═════ STORED DATA

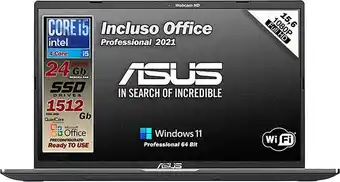 Amazon Asus vivobook slim, ssdhd da 1512gb, cpu intel i5 di 10th gen. 4 core, 24gb ddr4, display da 15,6 full hd, wi-fi, 4 usb, b... offerta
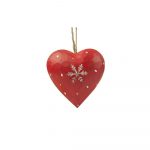 Závesná dekorácia Antic Line Heart with snowflake in red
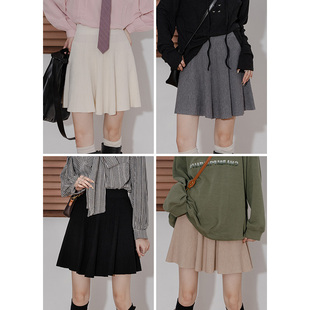 高腰A字针织短裙女百褶裙复古简约松紧腰弹力纯色百搭半身伞裙夏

══════════

### WHAT YOU SHOULD DO
Reprint the data verbatim, pictures excluded.

### SOLUTION FOR THIS PROBLEM
 Amazon Asus vivobook slim, ssdhd da 1512gb, cpu intel i5 di 10th gen. 4 core, 24gb ddr4, display da 15,6 full hd, wi-fi, 4 usb, b... offerta
 Závesná dekorácia Antic Line Heart with snowflake in red
 高腰A字针织短裙女百褶裙复古简约松紧腰弹力纯色百搭半身伞裙夏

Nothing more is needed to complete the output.